BEGIN Dataset content
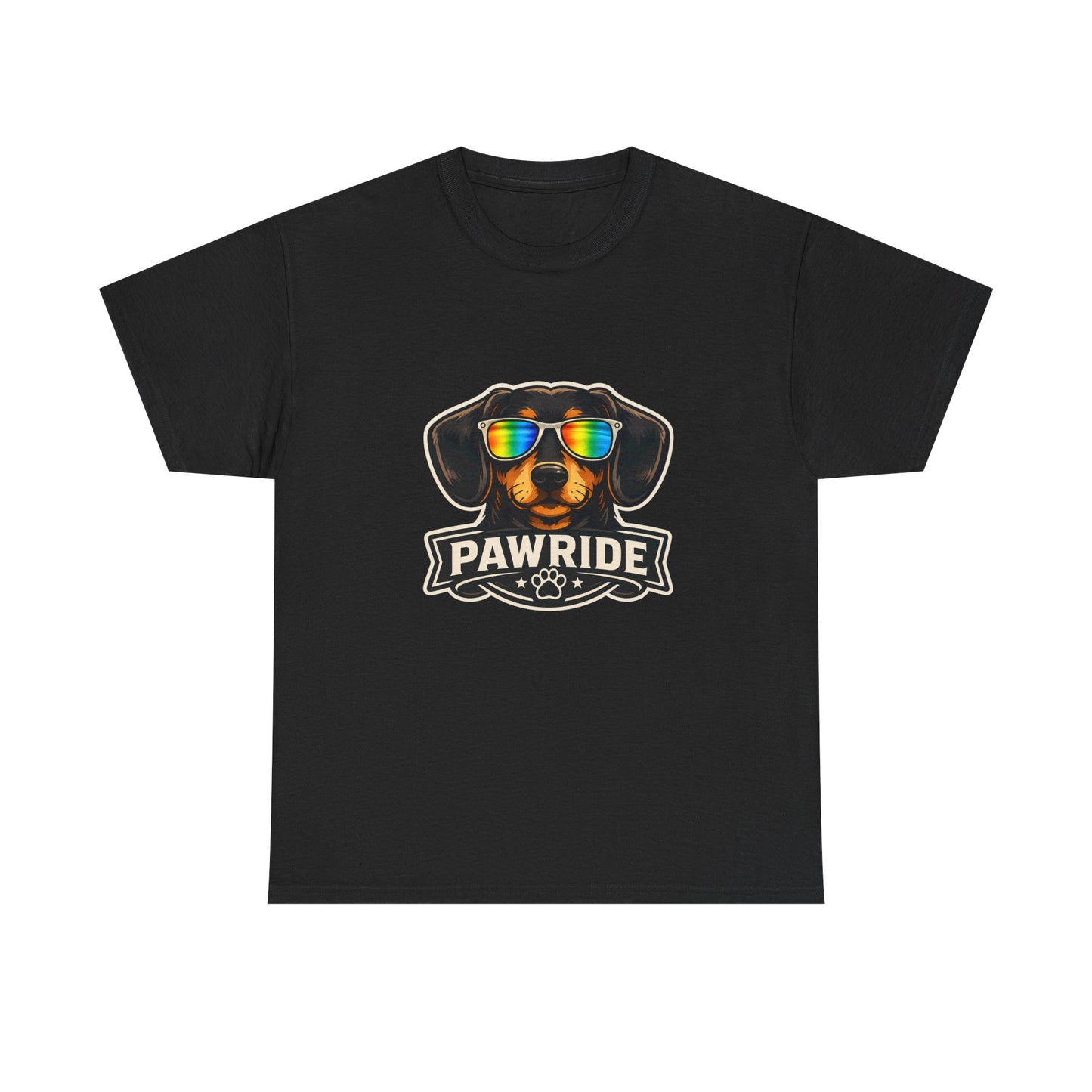 Pawride Heavy Duty Unisex Tee Sizes Small - 5XL (11 colors)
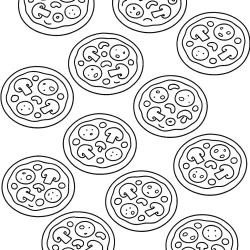 Pizza para imprimir e colorir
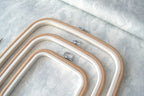 Lunettes à monture carrée flexible Nurge couleur beige : Élégance et fonctionnalité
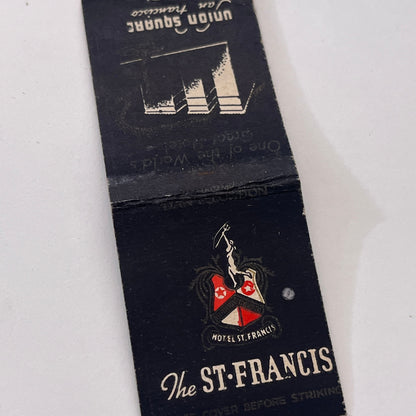 Hotel St. Francis San Francisco Vintage Matchbook Cover MM3-5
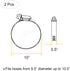 2Pcs 10" Adjustable 304 Stainless Steel Duct Clamps, Worm Drive Hose Clamps for Air Ducting (251mm-273mm)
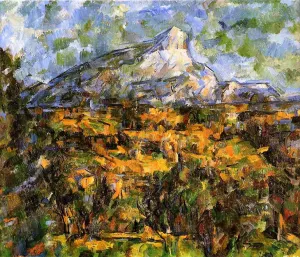 Mont Sainte-Victoire Seen from Les Lauves by Paul Cezanne - Hand-Painted Oil Painting Reproduction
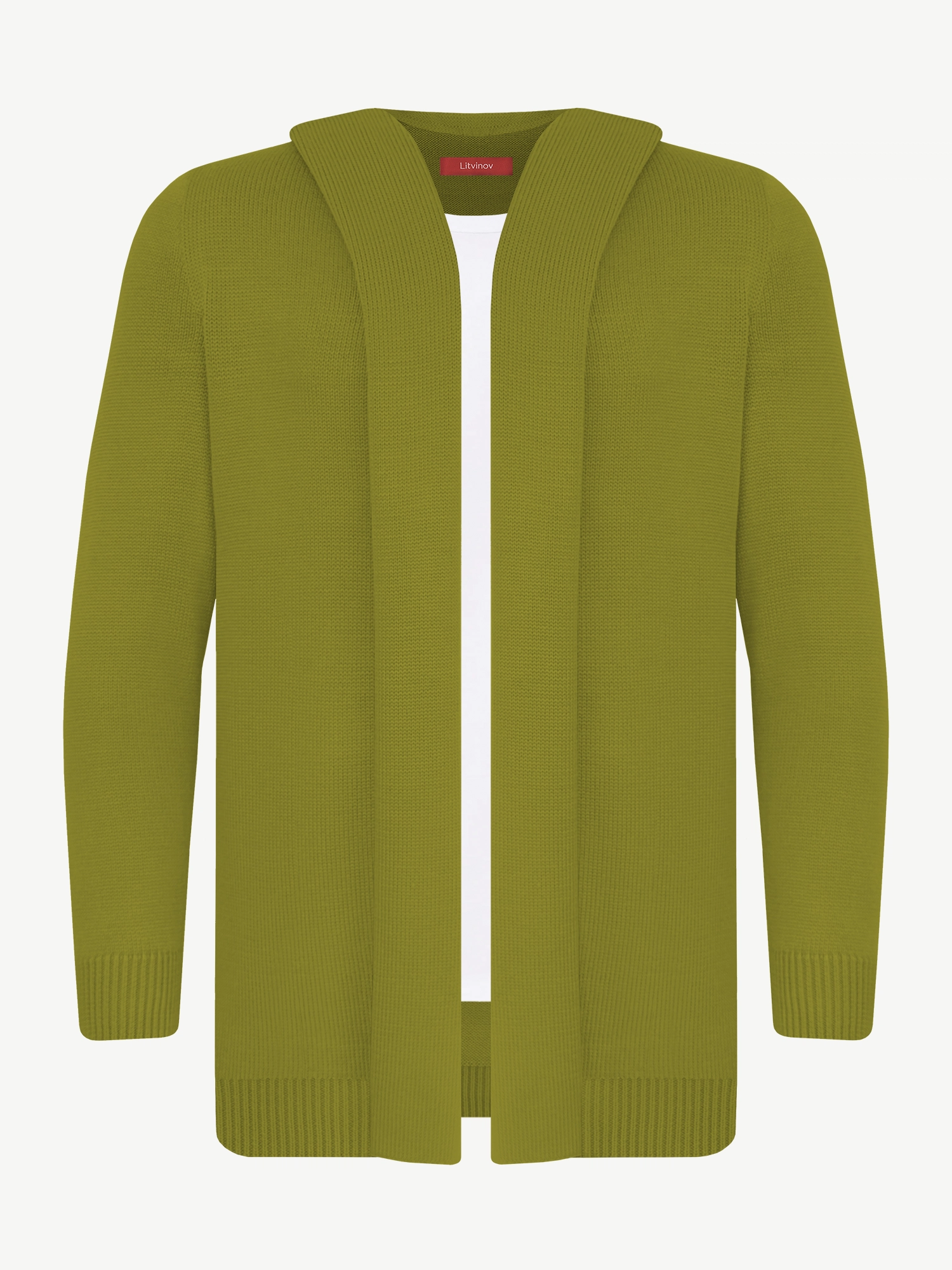 Кардиган с капюшоном из экохлопка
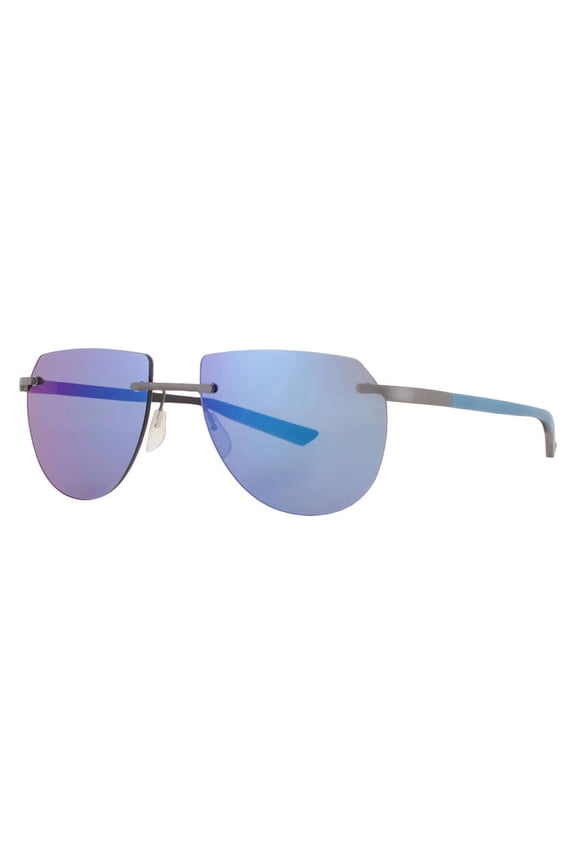 Blue Mirror Irregular Unisex Sunglasses MLMS-85S01 C04 57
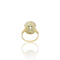 Bague 56 Bague fin XIXe en or jaune 18k, argent, diamants et saphirs 58 Facettes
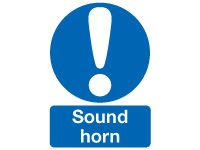 Sound Horn Safety Signs - 400 x 300mm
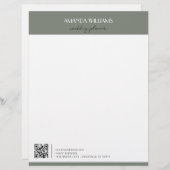 Beruflicher QR-Code Gras Briefbogen (Vorne/Hinten)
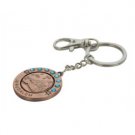 Round Jerusalem Keychain with Beads
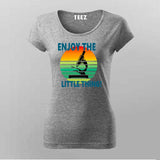 Enjoy the Little Things Science T-Shirt For Women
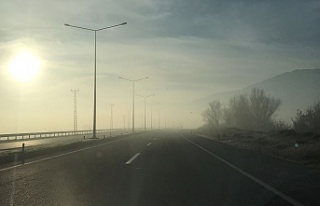 Erzincan’da yoğun sis etkili oldu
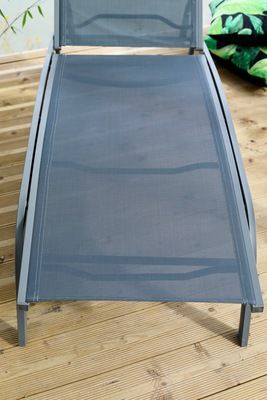 Bain de soleil Kisin en aluminium grey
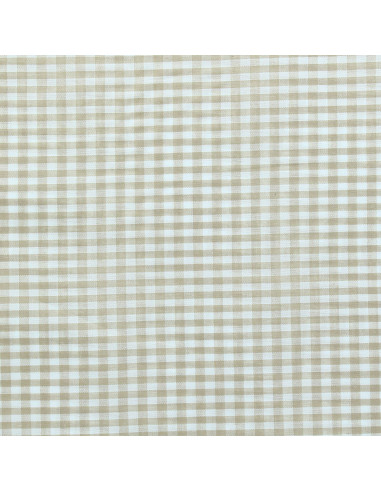 Large checkered Vichy fabric - Beige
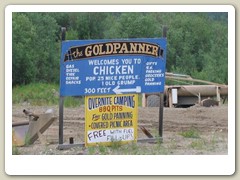Sign for gold panning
END Dataset content
### Task item
Return exactly the lines running from the line with "Кардиган с капюшоном из экохлопка" through the final line of the listing. Leave the pictures out.

### Exercise response
 Кардиган с капюшоном из экохлопка
 Blue Mirror Irregular Unisex Sunglasses MLMS-85S01 C04 57
 Bague 56 Bague fin XIXe en or jaune 18k, argent, diamants et saphirs 58 Facettes
 Sound Horn Safety Signs - 400 x 300mm
 Beruflicher QR-Code Gras Briefbogen (Vorne/Hinten)
 Round Jerusalem Keychain with Beads
 Enjoy the Little Things Science T-Shirt For Women
 Erzincan’da yoğun sis etkili oldu
 Bain de soleil Kisin en aluminium grey
 Large checkered Vichy fabric - Beige
Sign for gold panning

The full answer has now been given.